Take the lines from the beginning of the data below through the line holding "Suche nach abstimmung für post it Blume" and return exactly those.

Segment Start: Input records

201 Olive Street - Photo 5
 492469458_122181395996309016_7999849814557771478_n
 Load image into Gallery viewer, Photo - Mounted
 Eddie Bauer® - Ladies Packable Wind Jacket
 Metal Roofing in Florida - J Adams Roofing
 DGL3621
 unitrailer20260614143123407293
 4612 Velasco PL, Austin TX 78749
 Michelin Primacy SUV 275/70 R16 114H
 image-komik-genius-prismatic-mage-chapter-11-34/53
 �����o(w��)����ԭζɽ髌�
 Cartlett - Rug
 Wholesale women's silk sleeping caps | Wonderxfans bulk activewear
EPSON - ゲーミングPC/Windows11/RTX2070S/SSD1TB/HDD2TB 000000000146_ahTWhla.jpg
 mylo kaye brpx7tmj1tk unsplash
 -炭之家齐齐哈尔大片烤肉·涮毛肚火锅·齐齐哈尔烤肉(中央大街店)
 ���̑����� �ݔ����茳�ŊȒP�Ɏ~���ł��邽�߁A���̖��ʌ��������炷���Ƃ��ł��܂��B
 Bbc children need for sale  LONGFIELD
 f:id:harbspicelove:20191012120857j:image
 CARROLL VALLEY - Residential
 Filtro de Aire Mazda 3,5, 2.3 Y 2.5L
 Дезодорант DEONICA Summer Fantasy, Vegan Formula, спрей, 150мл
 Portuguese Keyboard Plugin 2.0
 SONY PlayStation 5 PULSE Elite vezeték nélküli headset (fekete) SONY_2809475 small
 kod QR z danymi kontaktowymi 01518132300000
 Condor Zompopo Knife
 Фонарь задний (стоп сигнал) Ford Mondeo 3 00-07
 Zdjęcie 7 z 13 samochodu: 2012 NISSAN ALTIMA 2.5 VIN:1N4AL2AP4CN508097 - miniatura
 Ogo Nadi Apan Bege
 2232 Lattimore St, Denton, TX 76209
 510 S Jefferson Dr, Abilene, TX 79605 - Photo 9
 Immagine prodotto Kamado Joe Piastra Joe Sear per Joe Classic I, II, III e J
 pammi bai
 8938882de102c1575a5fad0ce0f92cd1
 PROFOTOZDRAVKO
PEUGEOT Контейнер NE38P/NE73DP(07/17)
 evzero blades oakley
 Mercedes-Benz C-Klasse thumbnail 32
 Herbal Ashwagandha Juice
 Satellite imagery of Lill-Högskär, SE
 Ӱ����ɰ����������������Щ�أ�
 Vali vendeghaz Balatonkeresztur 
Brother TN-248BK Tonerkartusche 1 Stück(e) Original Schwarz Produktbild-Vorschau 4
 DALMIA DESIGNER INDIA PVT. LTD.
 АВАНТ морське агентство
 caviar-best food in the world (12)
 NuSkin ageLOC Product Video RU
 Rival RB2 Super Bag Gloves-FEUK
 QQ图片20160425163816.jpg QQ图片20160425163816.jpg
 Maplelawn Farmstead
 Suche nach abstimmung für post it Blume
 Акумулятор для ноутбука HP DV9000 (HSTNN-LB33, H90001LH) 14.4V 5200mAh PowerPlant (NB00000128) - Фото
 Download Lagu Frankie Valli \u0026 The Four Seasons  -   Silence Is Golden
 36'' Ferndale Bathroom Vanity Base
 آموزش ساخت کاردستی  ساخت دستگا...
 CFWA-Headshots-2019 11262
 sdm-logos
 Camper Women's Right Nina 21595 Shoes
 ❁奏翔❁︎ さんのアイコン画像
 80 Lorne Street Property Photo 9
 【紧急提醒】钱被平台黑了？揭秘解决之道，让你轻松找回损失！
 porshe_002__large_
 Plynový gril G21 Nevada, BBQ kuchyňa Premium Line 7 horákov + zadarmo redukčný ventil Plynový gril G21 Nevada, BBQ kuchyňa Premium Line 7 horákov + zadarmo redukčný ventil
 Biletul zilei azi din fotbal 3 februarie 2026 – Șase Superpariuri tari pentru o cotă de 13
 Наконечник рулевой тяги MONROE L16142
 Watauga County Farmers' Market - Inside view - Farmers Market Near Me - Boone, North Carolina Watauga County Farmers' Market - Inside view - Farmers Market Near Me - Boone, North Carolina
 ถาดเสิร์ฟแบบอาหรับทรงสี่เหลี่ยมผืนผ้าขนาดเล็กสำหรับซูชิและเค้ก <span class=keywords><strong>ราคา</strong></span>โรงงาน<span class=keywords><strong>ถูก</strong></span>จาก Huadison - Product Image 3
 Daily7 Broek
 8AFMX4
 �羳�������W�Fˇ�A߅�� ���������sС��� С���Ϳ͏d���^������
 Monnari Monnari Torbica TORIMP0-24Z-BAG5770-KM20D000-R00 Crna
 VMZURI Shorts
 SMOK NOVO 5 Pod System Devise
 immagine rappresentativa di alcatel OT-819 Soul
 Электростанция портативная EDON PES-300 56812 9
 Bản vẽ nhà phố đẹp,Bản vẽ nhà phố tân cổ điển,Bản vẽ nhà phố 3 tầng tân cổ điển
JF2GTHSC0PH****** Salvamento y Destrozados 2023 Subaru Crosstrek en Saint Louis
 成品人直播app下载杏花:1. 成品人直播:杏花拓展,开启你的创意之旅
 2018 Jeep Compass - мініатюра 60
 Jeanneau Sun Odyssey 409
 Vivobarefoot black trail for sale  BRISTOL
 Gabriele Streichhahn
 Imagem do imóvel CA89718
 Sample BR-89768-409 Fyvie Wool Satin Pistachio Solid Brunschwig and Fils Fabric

Segment End: Input records

— Solution to this exercise —
201 Olive Street - Photo 5
 492469458_122181395996309016_7999849814557771478_n
 Load image into Gallery viewer, Photo - Mounted
 Eddie Bauer® - Ladies Packable Wind Jacket
 Metal Roofing in Florida - J Adams Roofing
 DGL3621
 unitrailer20260614143123407293
 4612 Velasco PL, Austin TX 78749
 Michelin Primacy SUV 275/70 R16 114H
 image-komik-genius-prismatic-mage-chapter-11-34/53
 �����o(w��)����ԭζɽ髌�
 Cartlett - Rug
 Wholesale women's silk sleeping caps | Wonderxfans bulk activewear
EPSON - ゲーミングPC/Windows11/RTX2070S/SSD1TB/HDD2TB 000000000146_ahTWhla.jpg
 mylo kaye brpx7tmj1tk unsplash
 -炭之家齐齐哈尔大片烤肉·涮毛肚火锅·齐齐哈尔烤肉(中央大街店)
 ���̑����� �ݔ����茳�ŊȒP�Ɏ~���ł��邽�߁A���̖��ʌ��������炷���Ƃ��ł��܂��B
 Bbc children need for sale  LONGFIELD
 f:id:harbspicelove:20191012120857j:image
 CARROLL VALLEY - Residential
 Filtro de Aire Mazda 3,5, 2.3 Y 2.5L
 Дезодорант DEONICA Summer Fantasy, Vegan Formula, спрей, 150мл
 Portuguese Keyboard Plugin 2.0
 SONY PlayStation 5 PULSE Elite vezeték nélküli headset (fekete) SONY_2809475 small
 kod QR z danymi kontaktowymi 01518132300000
 Condor Zompopo Knife
 Фонарь задний (стоп сигнал) Ford Mondeo 3 00-07
 Zdjęcie 7 z 13 samochodu: 2012 NISSAN ALTIMA 2.5 VIN:1N4AL2AP4CN508097 - miniatura
 Ogo Nadi Apan Bege
 2232 Lattimore St, Denton, TX 76209
 510 S Jefferson Dr, Abilene, TX 79605 - Photo 9
 Immagine prodotto Kamado Joe Piastra Joe Sear per Joe Classic I, II, III e J
 pammi bai
 8938882de102c1575a5fad0ce0f92cd1
 PROFOTOZDRAVKO
PEUGEOT Контейнер NE38P/NE73DP(07/17)
 evzero blades oakley
 Mercedes-Benz C-Klasse thumbnail 32
 Herbal Ashwagandha Juice
 Satellite imagery of Lill-Högskär, SE
 Ӱ����ɰ����������������Щ�أ�
 Vali vendeghaz Balatonkeresztur 
Brother TN-248BK Tonerkartusche 1 Stück(e) Original Schwarz Produktbild-Vorschau 4
 DALMIA DESIGNER INDIA PVT. LTD.
 АВАНТ морське агентство
 caviar-best food in the world (12)
 NuSkin ageLOC Product Video RU
 Rival RB2 Super Bag Gloves-FEUK
 QQ图片20160425163816.jpg QQ图片20160425163816.jpg
 Maplelawn Farmstead
 Suche nach abstimmung für post it Blume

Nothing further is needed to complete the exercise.